The Anthology Collection, a compilation record originally curated by longtime Beatles producer George Martin, is getting a restoration as well courtesy of Martin's son Giles Martin. The collection will be a 12-LP, eight-CD set and includes a new Anthology 4 overseen by Giles Martin. Per a news release, Anthology 4 includes "13 previously unreleased demos and session recordings," and the project also included new mixes of the Anthology Collection tracks "Free as a Bird" and "Real Love," which were produced by Jeff Lynne. Those tracks feature "de-mixed John Lennon vocals," per the release. The collection will release Nov. 21.

Giles Martin recently spoke with The Hollywood Reporter about his work remastering iconic Beatles tracks, after he was nominated for an Emmy for his work on the Beatles' 64 documentary earlier this year.

"If I'm playing you a mix I've done, the last thing I want you to think about is what my mix was like, that it sounds like me -- that's how you know it wasn't done right," Martin said. "I want you to just think about how the song makes you feel.

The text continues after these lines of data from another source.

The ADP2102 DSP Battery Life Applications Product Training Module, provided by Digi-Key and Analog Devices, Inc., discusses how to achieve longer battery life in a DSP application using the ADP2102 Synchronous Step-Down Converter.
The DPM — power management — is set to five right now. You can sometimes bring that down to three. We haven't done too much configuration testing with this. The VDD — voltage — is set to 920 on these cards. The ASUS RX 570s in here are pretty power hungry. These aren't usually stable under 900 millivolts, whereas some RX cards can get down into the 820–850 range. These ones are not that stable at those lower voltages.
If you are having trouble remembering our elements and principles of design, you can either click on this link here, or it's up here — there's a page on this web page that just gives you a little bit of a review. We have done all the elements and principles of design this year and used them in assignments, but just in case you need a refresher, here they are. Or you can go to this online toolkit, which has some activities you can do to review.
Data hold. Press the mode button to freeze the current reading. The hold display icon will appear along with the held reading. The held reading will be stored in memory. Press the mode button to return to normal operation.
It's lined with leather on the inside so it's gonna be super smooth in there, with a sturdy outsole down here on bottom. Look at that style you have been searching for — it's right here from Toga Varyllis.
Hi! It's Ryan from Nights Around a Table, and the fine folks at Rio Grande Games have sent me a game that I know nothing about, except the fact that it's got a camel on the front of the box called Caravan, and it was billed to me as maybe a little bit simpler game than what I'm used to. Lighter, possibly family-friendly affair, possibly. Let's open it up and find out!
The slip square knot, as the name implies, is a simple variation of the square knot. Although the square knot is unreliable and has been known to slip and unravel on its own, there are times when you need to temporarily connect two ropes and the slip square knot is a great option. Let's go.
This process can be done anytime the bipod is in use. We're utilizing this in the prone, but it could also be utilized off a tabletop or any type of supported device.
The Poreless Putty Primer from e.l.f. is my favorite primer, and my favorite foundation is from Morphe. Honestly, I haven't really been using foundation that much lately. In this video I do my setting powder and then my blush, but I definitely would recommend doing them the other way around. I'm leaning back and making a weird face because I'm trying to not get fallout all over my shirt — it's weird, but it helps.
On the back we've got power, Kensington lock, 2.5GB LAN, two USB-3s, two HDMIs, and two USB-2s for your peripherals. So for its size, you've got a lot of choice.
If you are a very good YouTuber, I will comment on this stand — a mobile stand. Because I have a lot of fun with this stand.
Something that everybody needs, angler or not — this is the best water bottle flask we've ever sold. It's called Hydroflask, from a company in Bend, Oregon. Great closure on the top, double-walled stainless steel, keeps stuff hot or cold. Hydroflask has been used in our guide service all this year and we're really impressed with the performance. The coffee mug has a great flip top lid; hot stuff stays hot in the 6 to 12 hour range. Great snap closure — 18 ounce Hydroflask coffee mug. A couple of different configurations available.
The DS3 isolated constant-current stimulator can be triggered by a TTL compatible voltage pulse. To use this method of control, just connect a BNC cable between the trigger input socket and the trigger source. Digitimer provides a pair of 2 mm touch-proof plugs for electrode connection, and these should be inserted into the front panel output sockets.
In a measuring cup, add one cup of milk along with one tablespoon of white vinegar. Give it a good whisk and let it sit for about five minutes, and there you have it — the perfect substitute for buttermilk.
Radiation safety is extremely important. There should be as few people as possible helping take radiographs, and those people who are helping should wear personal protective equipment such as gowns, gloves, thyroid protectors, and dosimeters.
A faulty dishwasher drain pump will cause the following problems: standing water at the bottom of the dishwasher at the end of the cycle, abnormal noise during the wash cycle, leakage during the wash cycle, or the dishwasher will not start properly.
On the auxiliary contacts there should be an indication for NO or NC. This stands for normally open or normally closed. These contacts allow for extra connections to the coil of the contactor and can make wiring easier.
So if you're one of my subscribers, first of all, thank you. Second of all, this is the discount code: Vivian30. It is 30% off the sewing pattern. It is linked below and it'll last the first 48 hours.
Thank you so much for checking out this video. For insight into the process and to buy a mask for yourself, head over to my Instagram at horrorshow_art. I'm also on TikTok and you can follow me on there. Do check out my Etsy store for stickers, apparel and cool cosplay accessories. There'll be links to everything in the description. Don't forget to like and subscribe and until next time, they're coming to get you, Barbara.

Lastly, the Beatles will release a special 25th-anniversary edition of The Beatles Anthology book on Oct. 14. The book, which is available for pre-order, features all four of the Beatles giving their insight on the history of the iconic rock band. The book is 368 pages and features more than 1,300 photos and documents of the band, as well as recollections from those who were close with the group, including Neil Aspinall, George Martin and Derek Taylor, among others.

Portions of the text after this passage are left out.